== Material to process

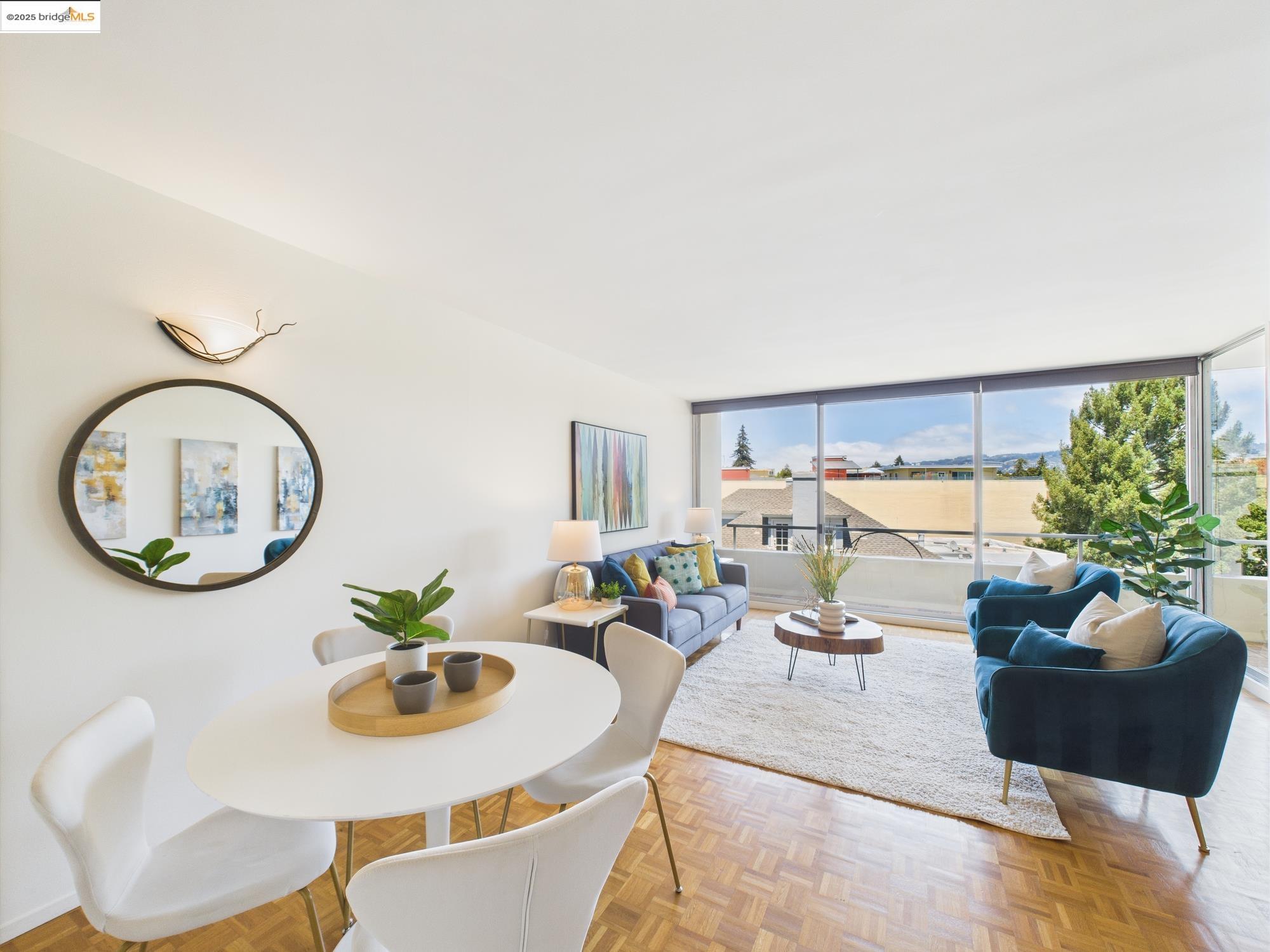 Photo #5: 41105170 Listing 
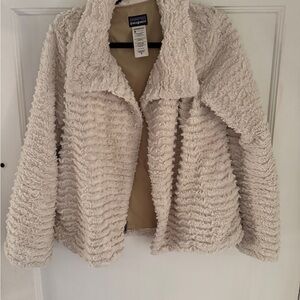 Patagonia Cream Teddy Jacket Plush Texture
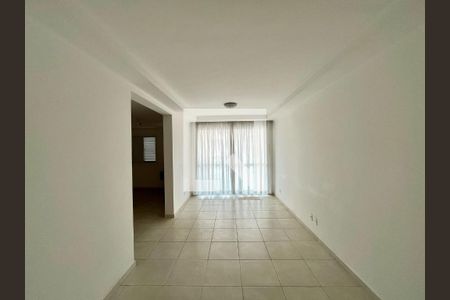 Sala de apartamento à venda com 3 quartos, 84m² em Centro, Campinas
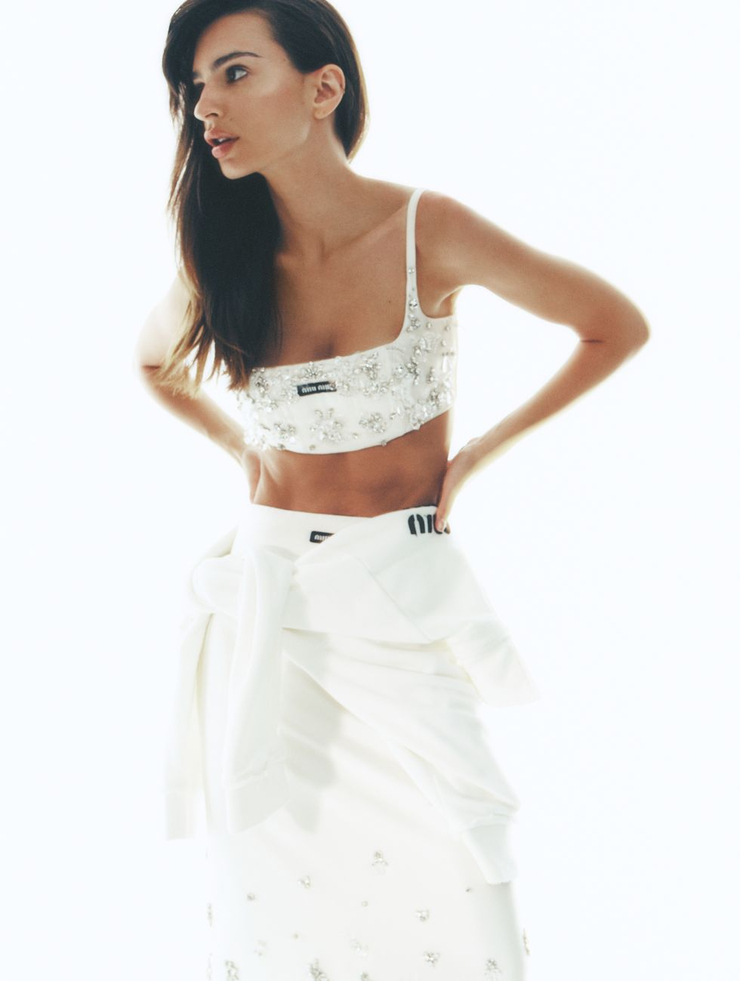 Emily Ratajkowski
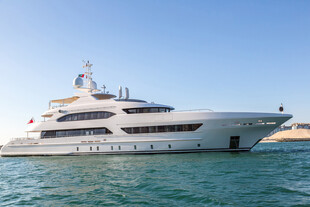 豪华游艇停泊于碧海之上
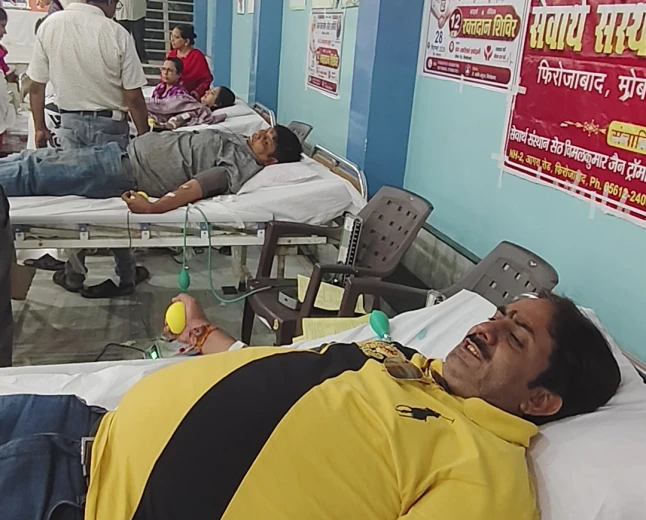 जन कल्याण सेवा समिति ने स्व. डॉ. अजय कुमार आहूजा की स्मृति में लगाया रक्तदान शिविर, 81 रक्तदाताओं ने किया महादान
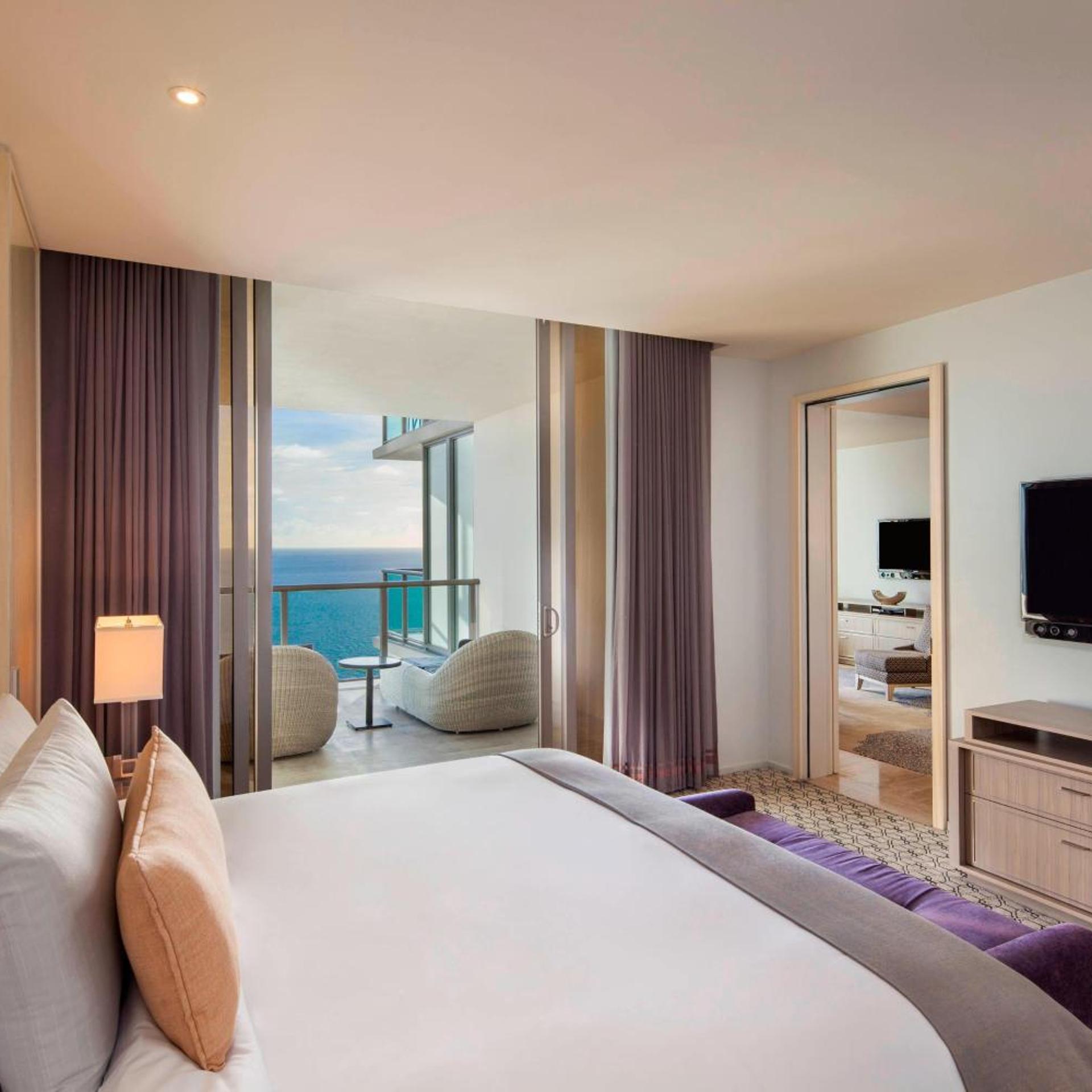 Royal, Suite, 2 King Beds, Ocean Front
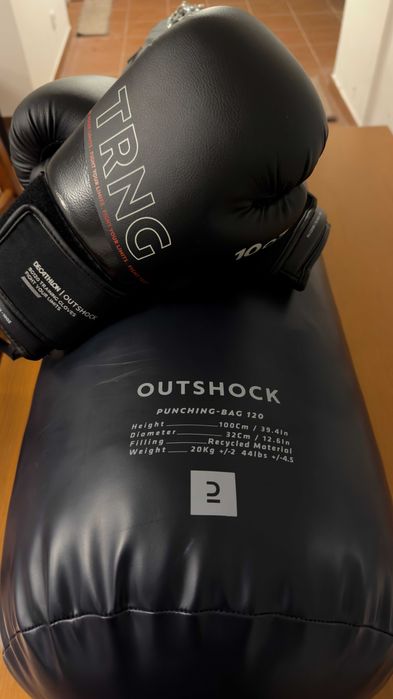 Saco de Boxe OUTSHOCK 120 — Como Novo + Luvas Oferta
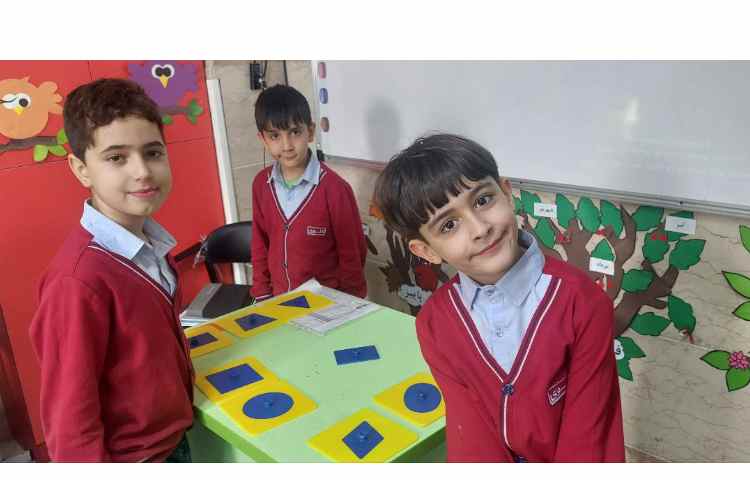 دست ورزی کار با ابزارهای اشکال هندسی 2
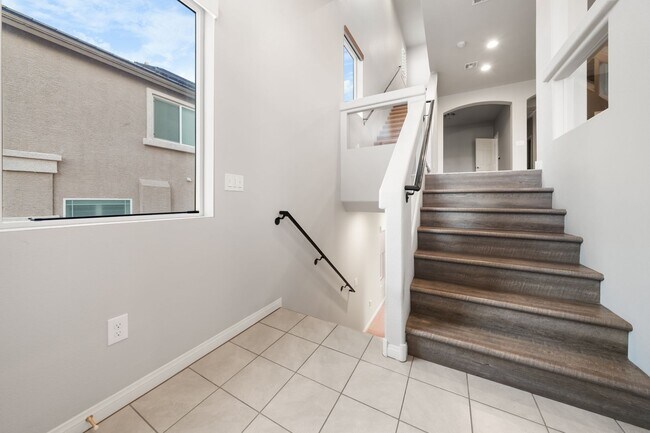Building Photo - Modern upgrades, Tesla solar, and versatil...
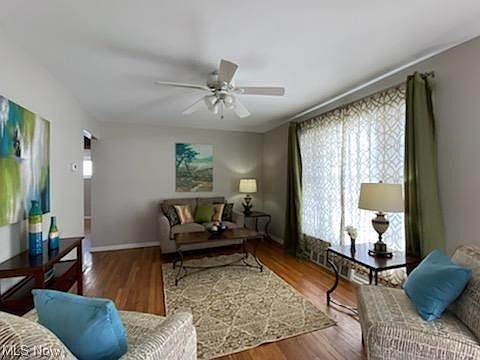 5th image of 16006 Woodbury Ave
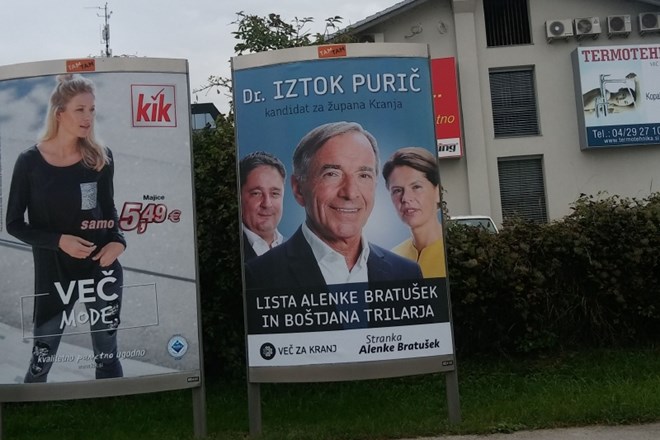 V Kranju so včeraj še bili plakati z imenom liste,  ki bo na volitvah zdaj sodelovala s spremenjenim imenom.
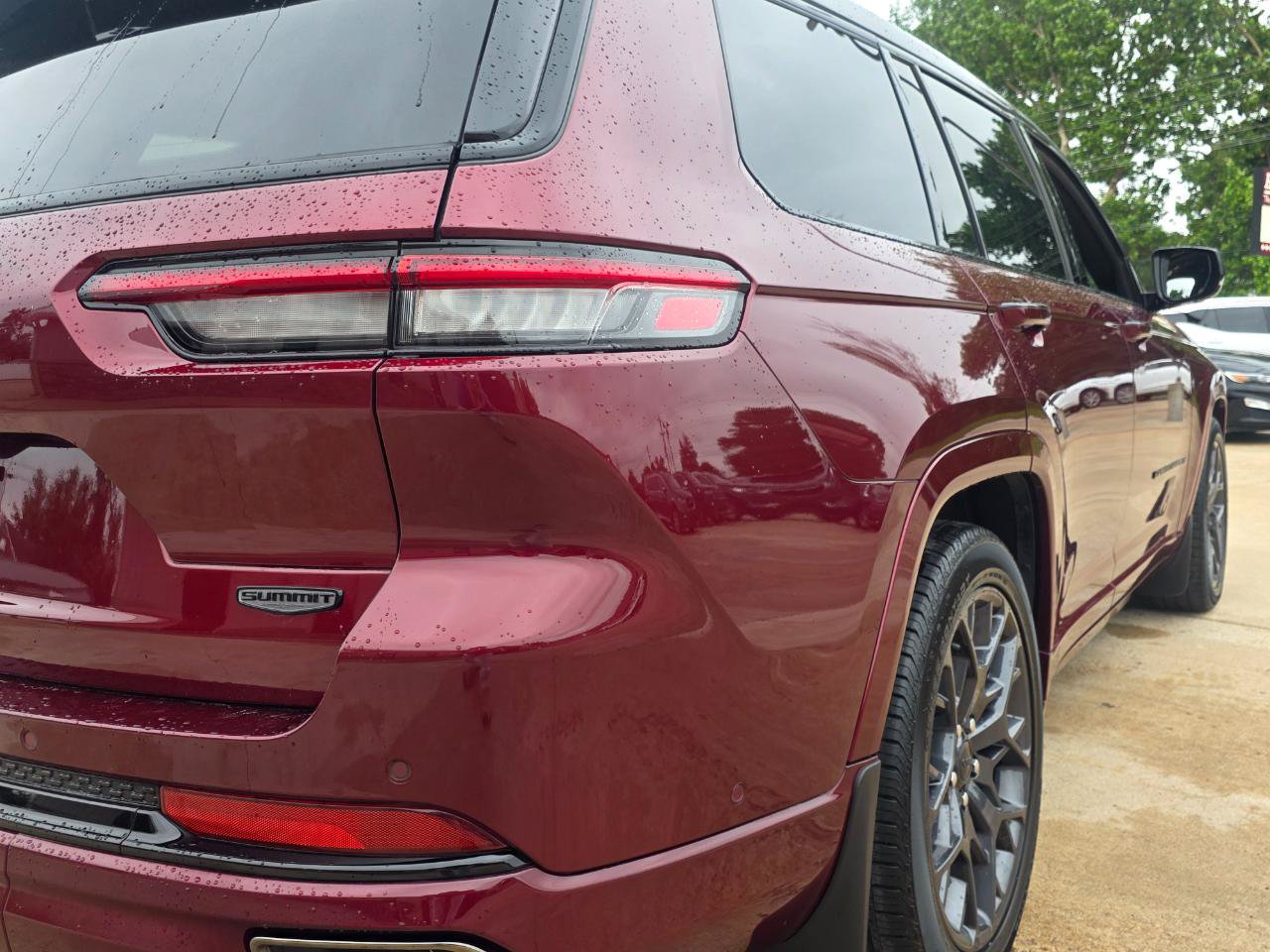 Used 2025 Jeep Grand Cherokee L Summit w/ Advanced Protech Group IV AWD/4WD image 25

====

** Problem **
Every line from the line containing "जन कल्याण सेवा" through the last line above is to be printed exactly. Pictures are not copied.

** The completed task **
 जन कल्याण सेवा समिति ने स्व. डॉ. अजय कुमार आहूजा की स्मृति में लगाया रक्तदान शिविर, 81 रक्तदाताओं ने किया महादान
 Royal, Suite, 2 King Beds, Ocean Front
 Saco de Boxe OUTSHOCK 120 — Como Novo + Luvas Oferta
 دست ورزی کار با ابزارهای اشکال هندسی 2
Building Photo - Modern upgrades, Tesla solar, and versatil...
 5th image of 16006 Woodbury Ave
 V Kranju so včeraj še bili plakati z imenom liste,  ki bo na volitvah zdaj sodelovala s spremenjenim imenom.
 Used 2025 Jeep Grand Cherokee L Summit w/ Advanced Protech Group IV AWD/4WD image 25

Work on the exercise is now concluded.